**Directions:**
Beginning with the line containing "96632917xt radio mp3" and ending at the last line of the records, transcribe each line exactly. Do not include pictures.

**Record extracts:**

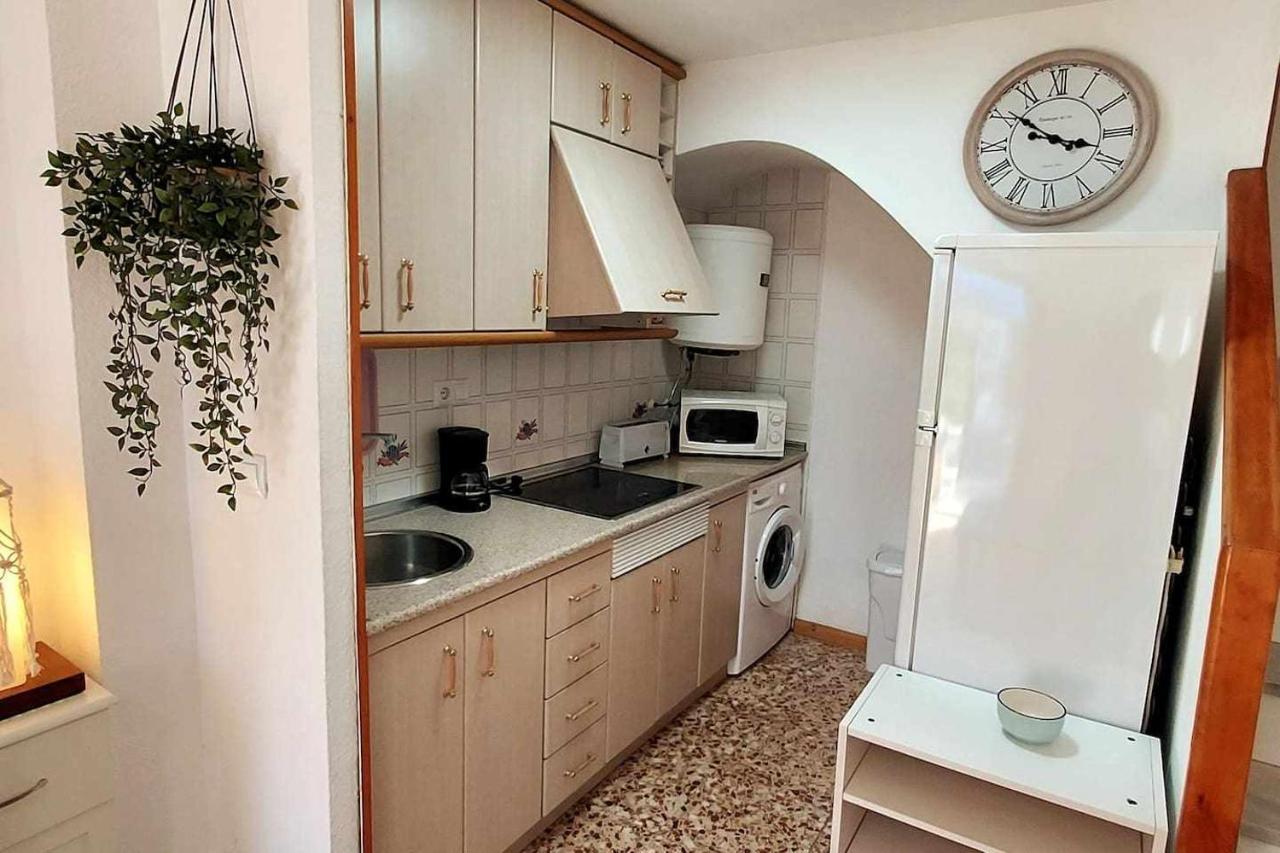 Bungalow Altea 16 En سانتا بولا المظهر الخارجي الصورة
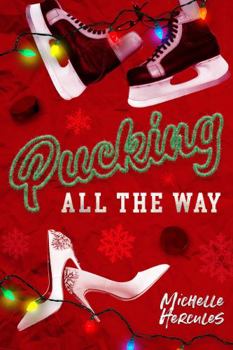 Pucking All The Way: Alternate Cover
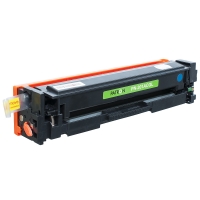 Картридж HP clj cf401a (pn-201acgl) Cyan Patron green label CT-HP-CF401A-C-PN-GL
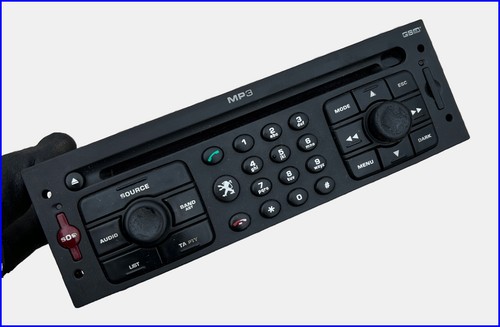 96632917xt radio mp3 mit - radio,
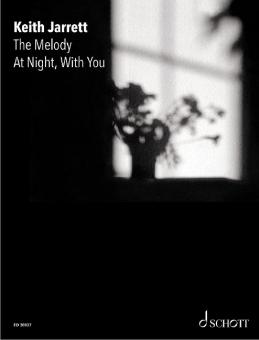 The Melody At Night, With You von Keith Jarrett 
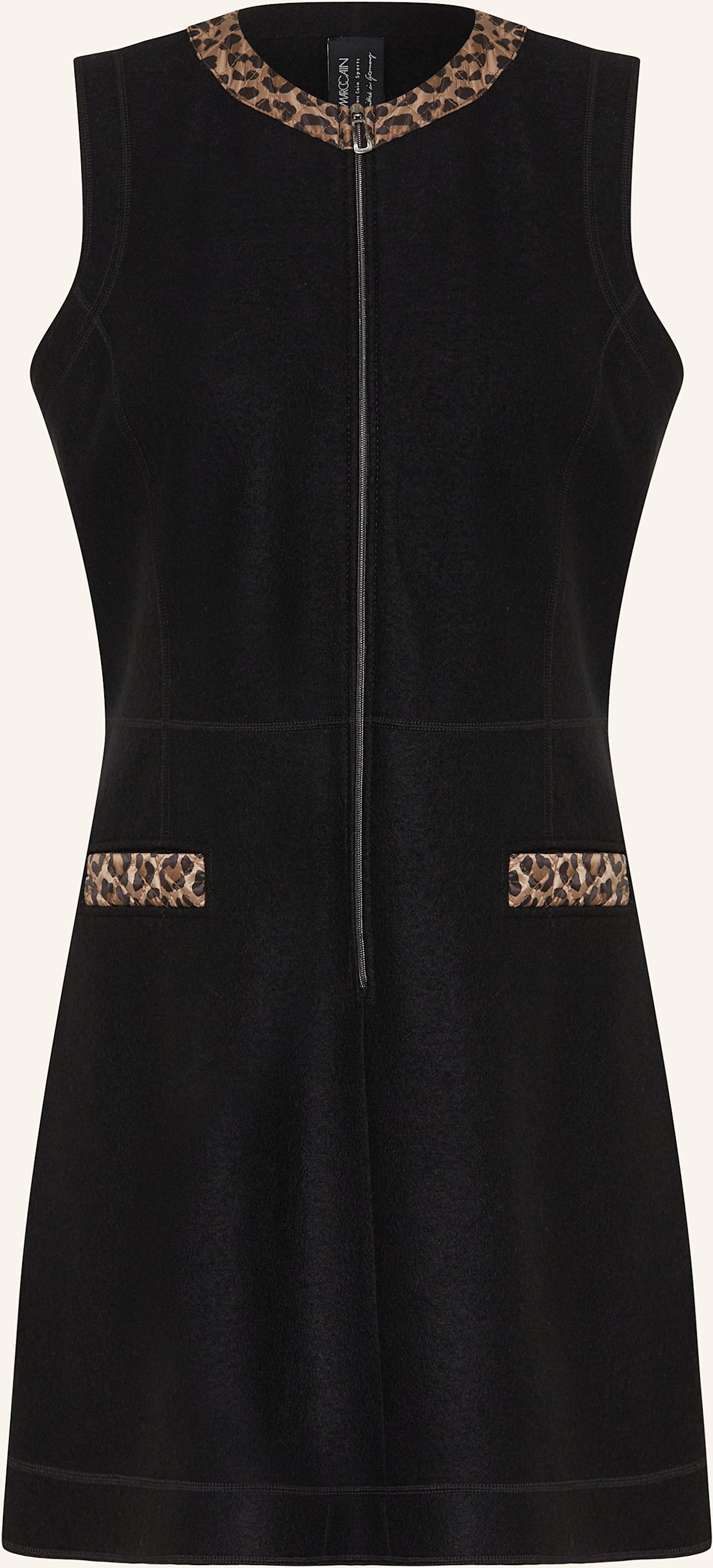 Thumbnail - Marc Cain Kleid schwarz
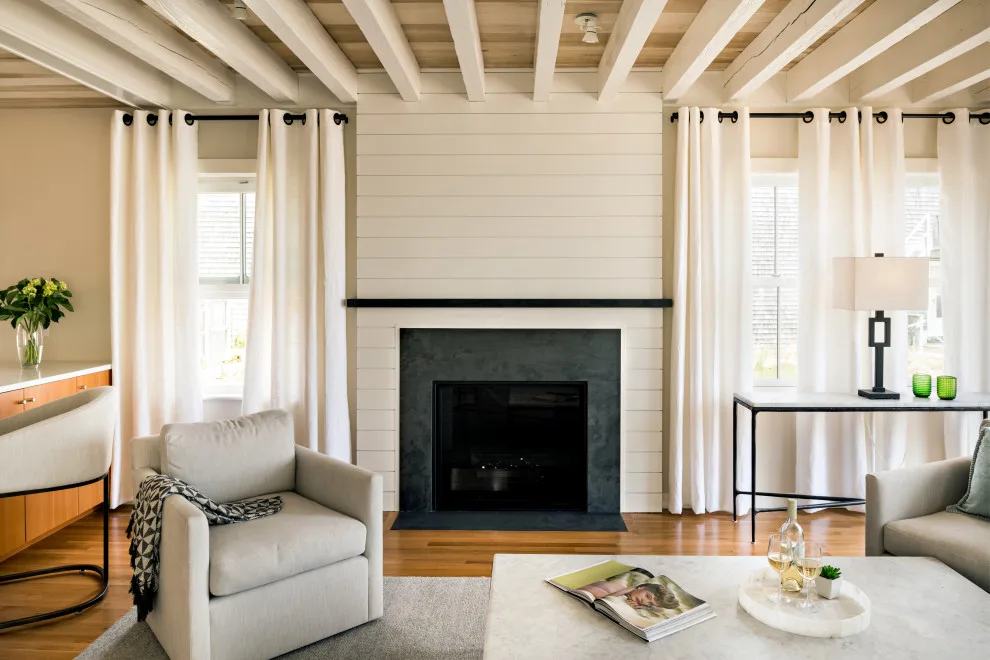 Provincetown Revamp and New Guest Accommodation by Hammer Architects - Photo 14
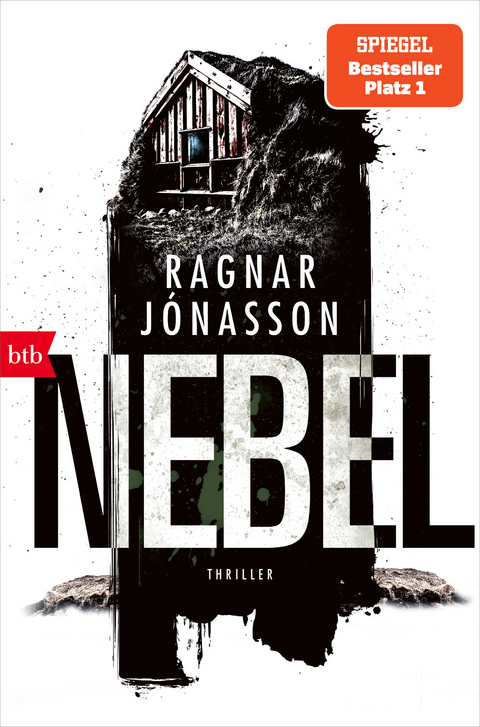 Nebel - Ragnar J&oacute;nasson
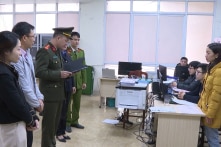 Thanh Hóa: Khởi tố vụ án nhận hối lộ có số bị can nhiều nhất từ trước đến nay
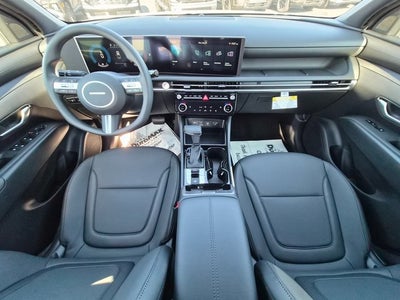 2026 Hyundai SANTA CRUZ SEL AWD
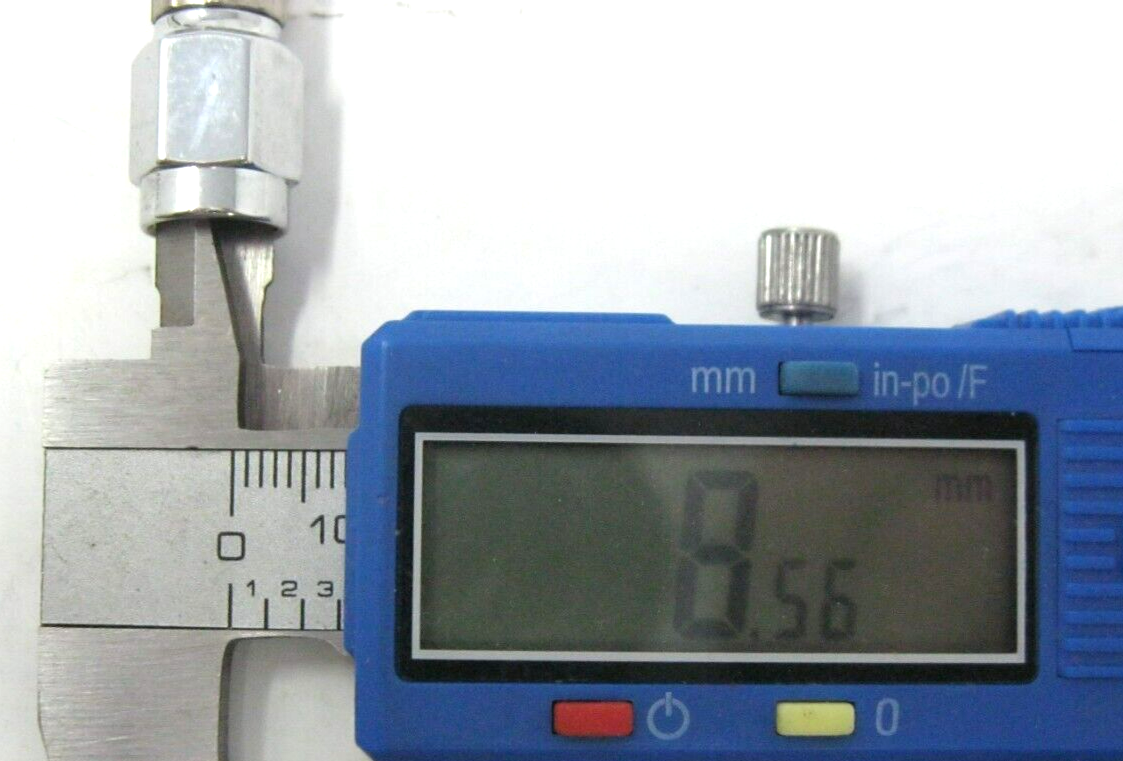 Unbranded Appx. 33" Braided Brake Line for Harley-Davidson (Unknown Fitment)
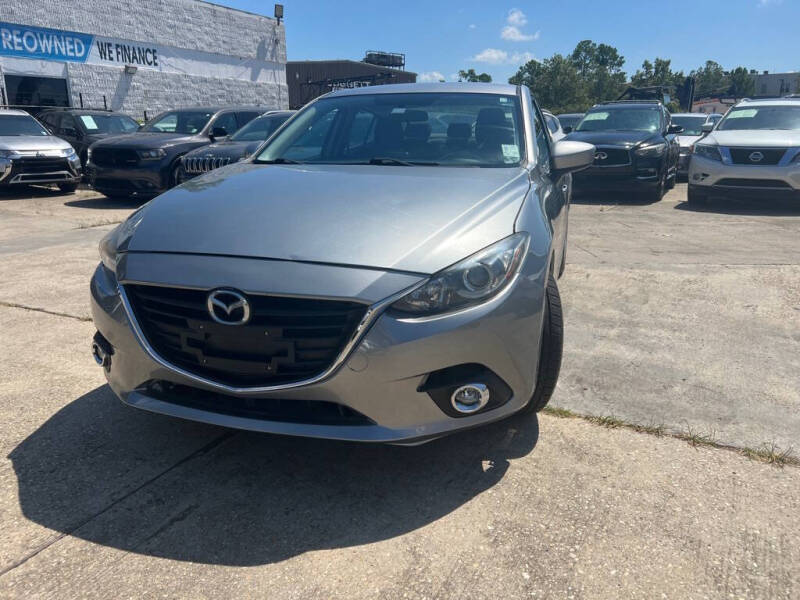 2015 Mazda MAZDA3 i Sport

**Result of the task:**
 96632917xt radio mp3 mit - radio,
 The Melody At Night, With You von Keith Jarrett 
 Thumbnail - Marc Cain Kleid schwarz
 Provincetown Revamp and New Guest Accommodation by Hammer Architects - Photo 14
 Nebel - Ragnar J&oacute;nasson
 Thanh Hóa: Khởi tố vụ án nhận hối lộ có số bị can nhiều nhất từ trước đến nay
 2026 Hyundai SANTA CRUZ SEL AWD
 Unbranded Appx. 33" Braided Brake Line for Harley-Davidson (Unknown Fitment)
 2015 Mazda MAZDA3 i Sport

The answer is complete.